Note: This guide follows English-language naming conventions and terminology standards common in international development teams. Examples use English identifiers and comments to maximize compatibility across codebases and tooling.

Overview

CSV is the most common format for tabular data exchange. Python has two main approaches for parsing CSV: the built-in csv module for simple tasks and pandas for anything involving filtering, aggregation, or large datasets.

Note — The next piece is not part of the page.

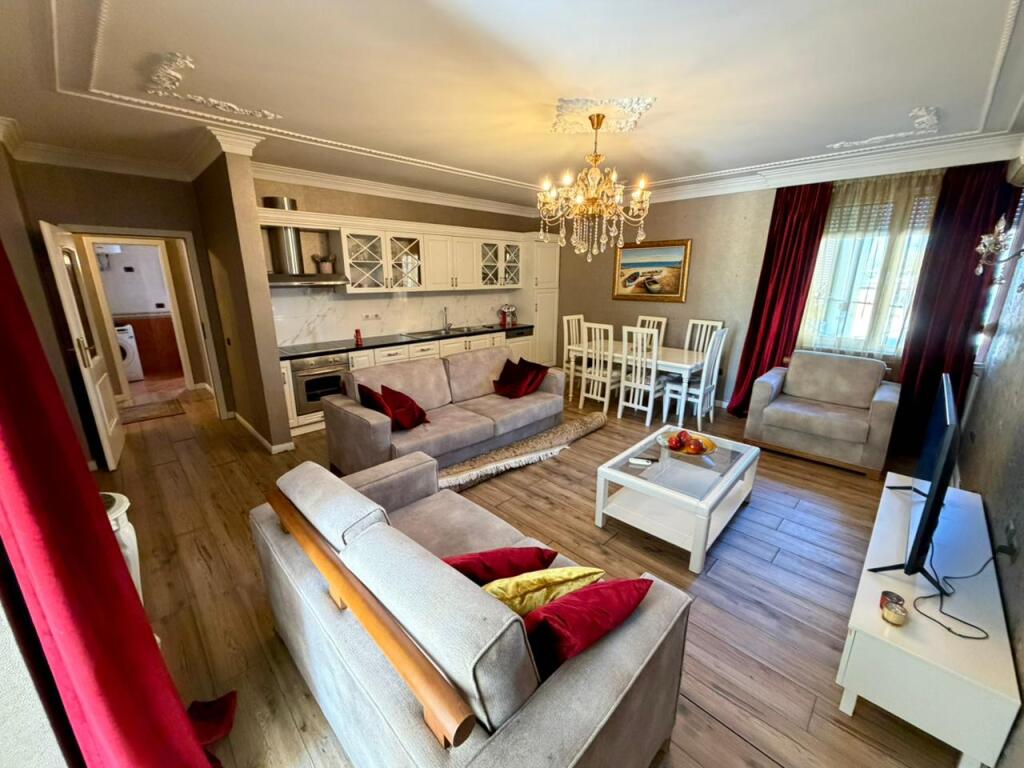 ✨ Shitet Apartament  📍 Bllok 💶 Çmimi: 385,000 €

This recipe covers both, with guidance on when to use each.

When to Use

  • You need to read CSV files exported from databases, spreadsheets, or APIs
  • You are filtering or transforming tabular data before loading it elsewhere
  • You are working with files too large to fit in memory and need chunked processing
  • You need to handle messy CSV files with inconsistent quoting or encoding

Solution

Basic CSV parsing with the csv module

import csv

with open("data.csv", newline="", encoding="utf-8") as f:
    reader = csv.DictReader(f)
    for row in reader:
        print(row["name"], row["email"])

Reading CSV with pandas

import pandas as pd

df = pd.read_csv("data.csv")
print(df.head())
print(df.columns)
print(df.shape)

Filtering and transforming

import pandas as pd

df = pd.read_csv("sales.csv")

# Filter rows where revenue > 1000
high_value = df[df["revenue"] > 1000]

# Group by region and sum
by_region = df.groupby("region")["revenue"].sum().reset_index()

# Add a calculated column
df["margin"] = df["revenue"] - df["cost"]

# Export back to CSV
df.to_csv("sales_processed.csv", index=False)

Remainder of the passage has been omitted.